GOD: It's very nice.
BUSH: But it's evidence of a... I don't know. It's
proof of our higher purpose!
GOD: It's evidence of how you
entertain yourselves.
BUSH: But this doesn’t make sense. We are the children of God. You love us all equally. You made us in your image.
GOD: (Rolls his eyes) Don’t tell me – let me guess: Do I also have a divine plan for each and every one of you? Complete with punishment for the wicked and reward for the virtuous, is that right?
BUSH: Erm… Yeah, I guess so.
GOD: Thought so. Most mammals seem to come up with that idea.
BUSH: What?
GOD: Look. It’s just simple common sense. Of all the inhabited worlds in the universe; you remember? All those jars? How on earth would I have the time to plan out the life story of each and every one of you? Have you any idea how much
effort that would require to administrate? I’d never get
anything done!
BUSH: But what about heaven? It is written that the virtuous will join you. That we will stand at your right side.
GOD: How? Think about it for a minute, will you? How can you possibly hope to join me as an equal? Not ten minutes ago you were on your bloody knees because you didn’t know the solution to the Irish problem.
BUSH: Arab.
GOD: Sorry?
BUSH: It was the Arab problem
GOD: Right. Yes. (Sigh) But my point still stands. There just wouldn’t be
room for every single righteous life form to join me after they die. It would be a full time job just greeting everyone at the door. It’s all well and good you lot making these beliefs up, but if you’re never going to question the wisdom of them how on earth do you expect to develop?
BUSH: So there’s no heaven?
GOD: Look. I’d like to make exceptions, but if I let the people of your planet live for eternity I’ll have to do the same with the Faralavians, and the Staragiglians, and the Dutch. It just wouldn’t work. And of course, there’d be all the sleeping arrangements to sort out. How do you expect me to house an infinate number of life forms for an infinate length of time? And all the
questions that people would want to ask! I mean why is it that everyone who meets me expects that they’ll get “just one question”? Look it up in a bloody book before you die, that’s what I say.
BUSH: So there's no justice? No eternal reward?

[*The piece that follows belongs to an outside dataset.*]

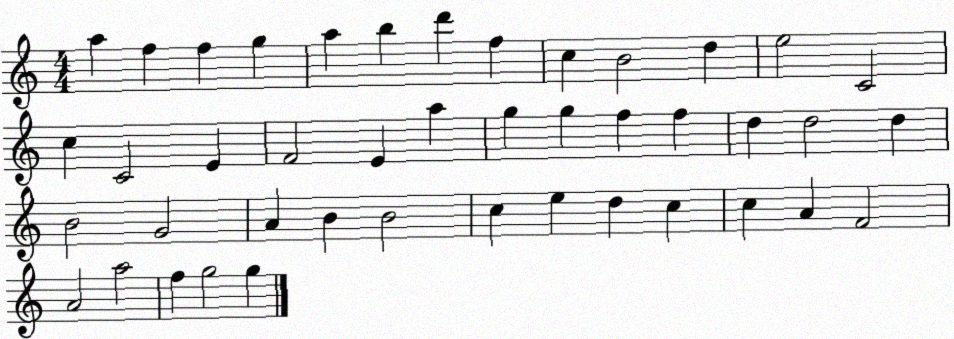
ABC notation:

GOD: (Shrugs) You should be happy. There's more people on this planet whose sense of justice would have you going the
other way. If you know what I mean.
BUSH: So what should I do now?
GOD: That’s up to you. It looks like a nice day. Why don’t you go out for a walk?
BUSH: Is that the only bit of advice you can offer?

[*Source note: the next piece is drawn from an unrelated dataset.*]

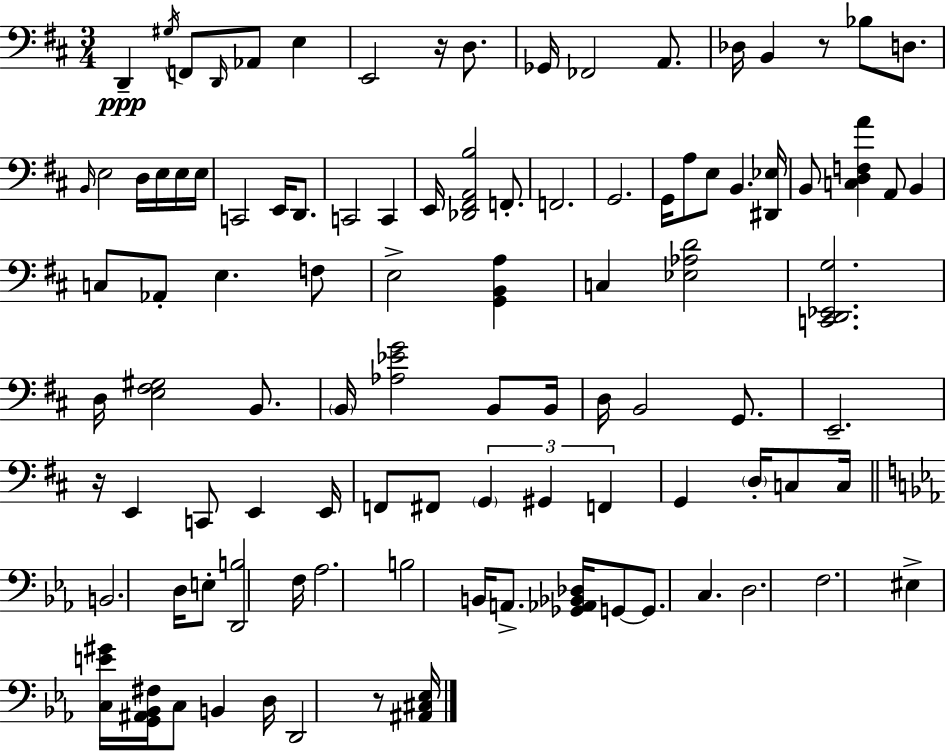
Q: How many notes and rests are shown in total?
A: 100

GOD: That’s not just advice. That’s the Holy Word of God, that is.
”Thou shalt enjoy this lovely day and stop getting all upset about the little things.”
BUSH: I think I’ve got some thinking to do.
GOD: Rightey – ho. Just remember. When it’s all getting on top of you and it fels like it’s all to too much to cope with...
BUSH: Yes?
GOD: You’re only human.
(Bush turns from the window to find the Oval Office empty. He stands for a long time before reaching for the intercom button on his desk.)
BUSH: Mrs Wiggins. Could you hold my three-thirty please? And have Don meet me on the back lawn. I think we’ve got some serious walking to do.